**Input data**
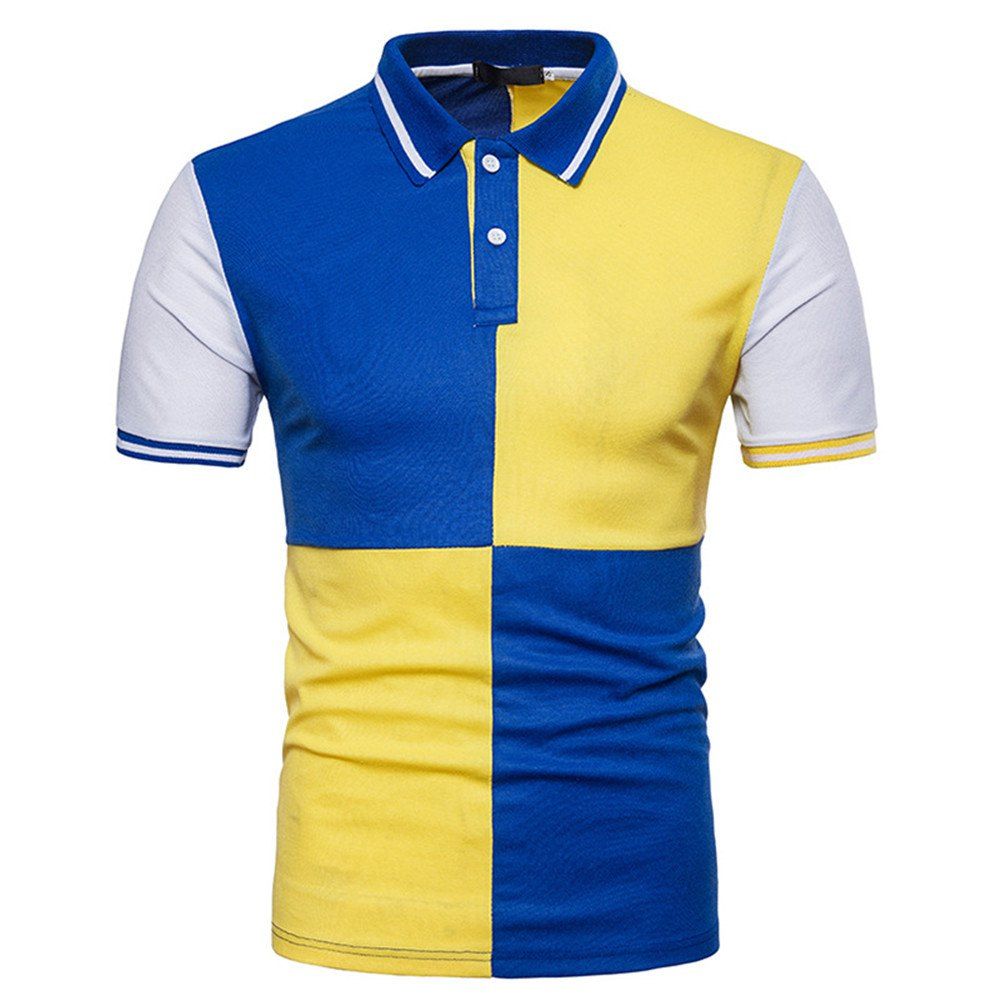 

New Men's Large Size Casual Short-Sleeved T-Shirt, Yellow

...

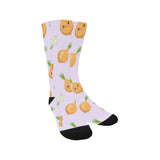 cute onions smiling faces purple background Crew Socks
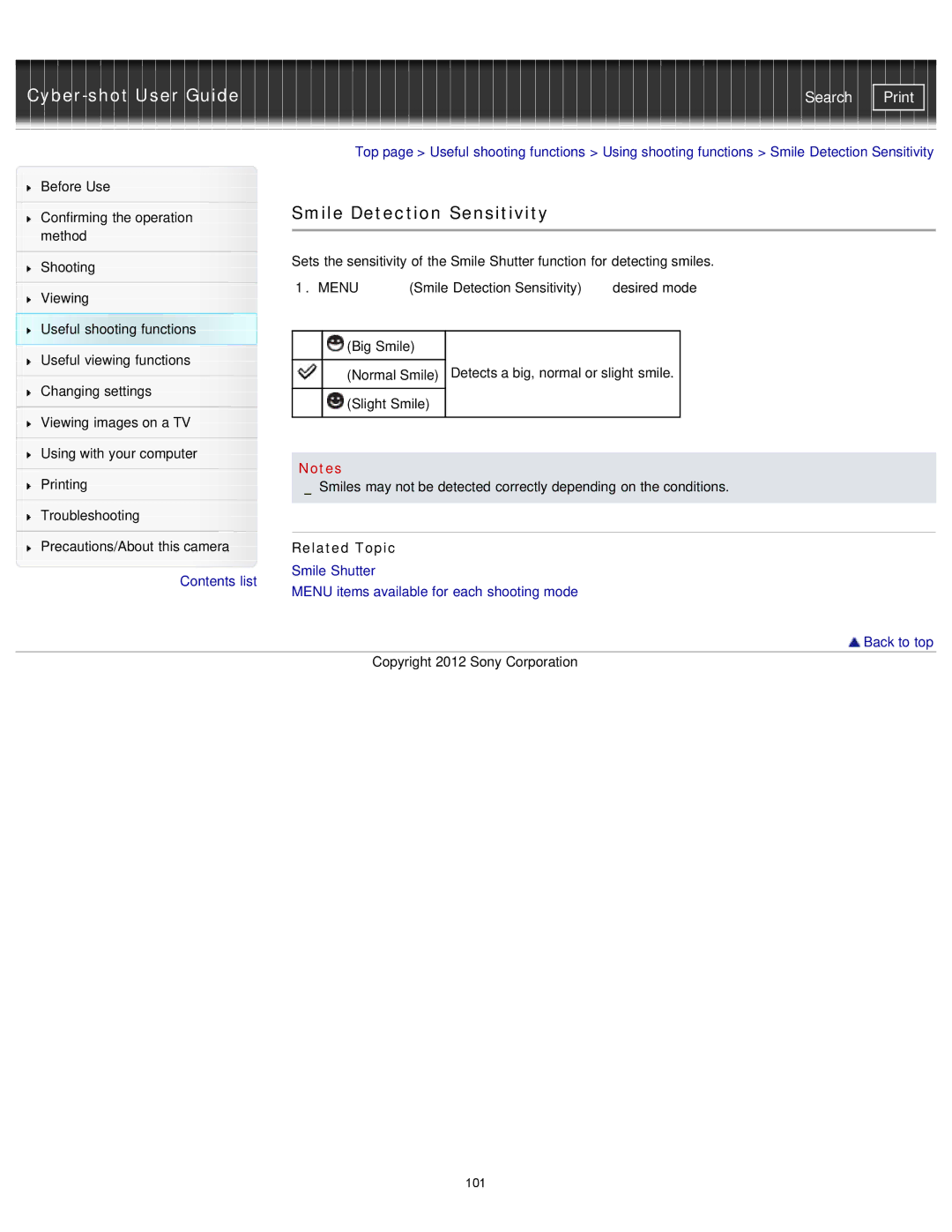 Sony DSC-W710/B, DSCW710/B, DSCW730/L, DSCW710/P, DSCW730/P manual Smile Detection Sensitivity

**About this exercise**
Using the listing above, restate exactly the range between the lines holding "cute onions smiling" and "Sony DSC-W710/B, DSCW710/B, DSCW730/L, DSCW710/P, DSCW730/P", inclusive, with pictures left out.

**Response for this exercise**
 cute onions smiling faces purple background Crew Socks
 Sony DSC-W710/B, DSCW710/B, DSCW730/L, DSCW710/P, DSCW730/P manual Smile Detection Sensitivity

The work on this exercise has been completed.